I'm guessing neither, really. These two don't seem to censor their imaginations. These are anything-is-possible guys. You see that in Bottle Rocket, and you see it again in Rushmore. Here dwells Max Fischer, a prep-school tenth grader so overextended with passionately conceived extracurricular activities that he risks flunking out of the very place that inspires him. Max is some distant relative of Walter Mitty and Huck Finn and an inversion of Benjamin Braddock, yet none of the above; he really belongs to his portrayer, Jason Schwartzman, who has one of the best instincts for honest, deadpan humor since, well, Bill Murray, his Rushmore co-star. When Murray's Mr. Blume asks, "What's the secret, Max?" I cherish the both of them: Blume for asking what I want to know, and Max for really seeming to have the answer. Of equal validity, though, is Max's father's suggestion: "You're like one of those clipper ship captains. You're married to the sea." And Max's forlorn answer: "Yes, that's true. But I've been out to sea for a long time." All of this is what I mean by important and American.
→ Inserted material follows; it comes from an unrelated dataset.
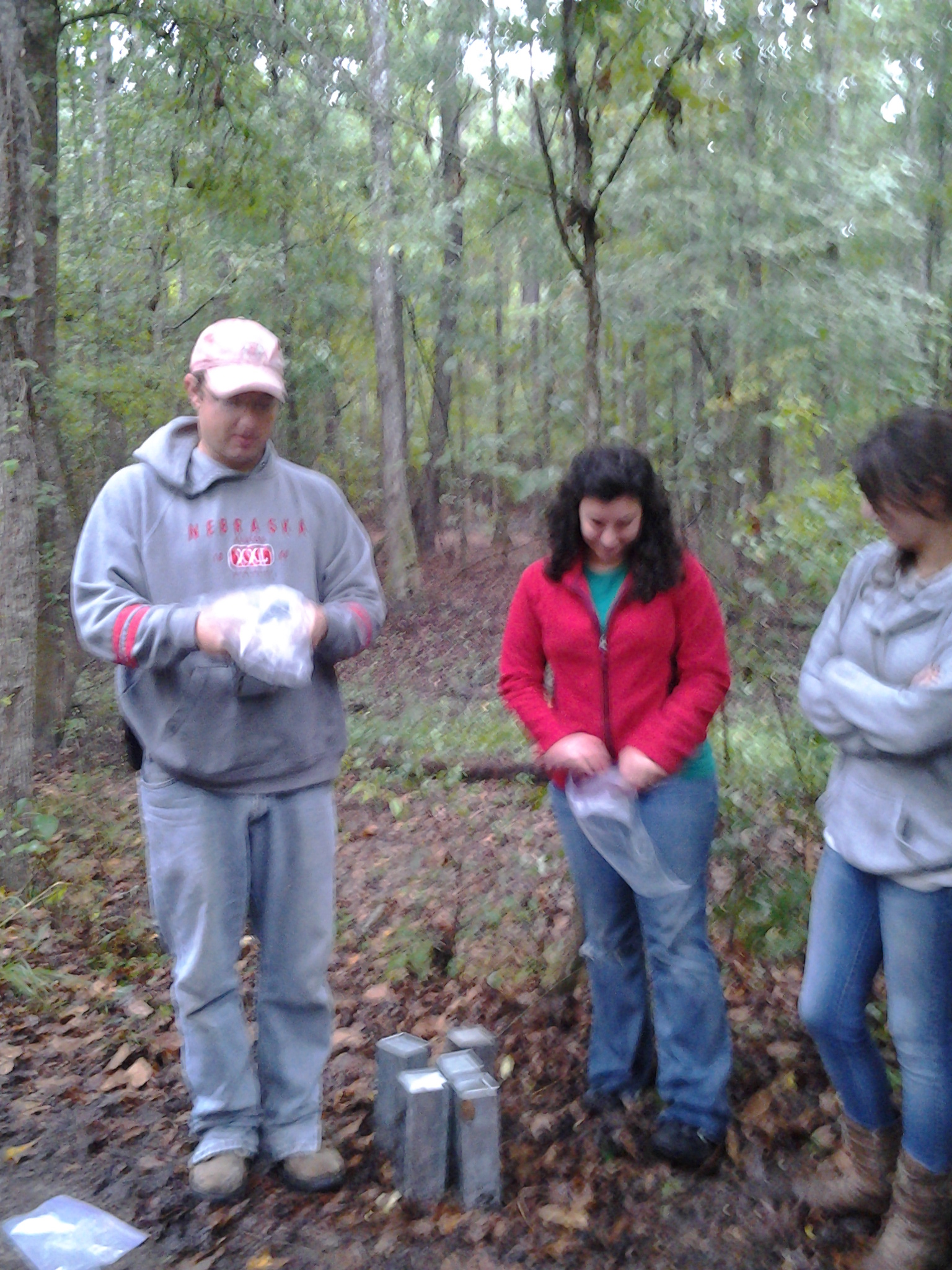 McNeese State University High School Field Biology Experience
After a feud with Blume for the affections of a first-grade teacher, Miss Cross (played with exquisite control by the radiant Olivia Williams, who is not American, but no matter), Max finally does get expelled from Rushmore. And he does not win the feud. In fact, he loses almost everything, but still finds the inner resources to relish an immortal line: "You think I got kicked out for just the Aquarium? Nah, it was the hand job. And you wanna know something else? It was worth it."

Max introduces himself to his disinterested classmates at the shabby, and very public, Grover Cleveland High School with a short speech. "One footnote," he says in conclusion. "I noticed you don't have a fencing team. Well I'm going to try my hardest to start one up for you guys." As three different characters put it, Max "is really making a go of it over there at Grover Cleveland." Good for him, and for all of us.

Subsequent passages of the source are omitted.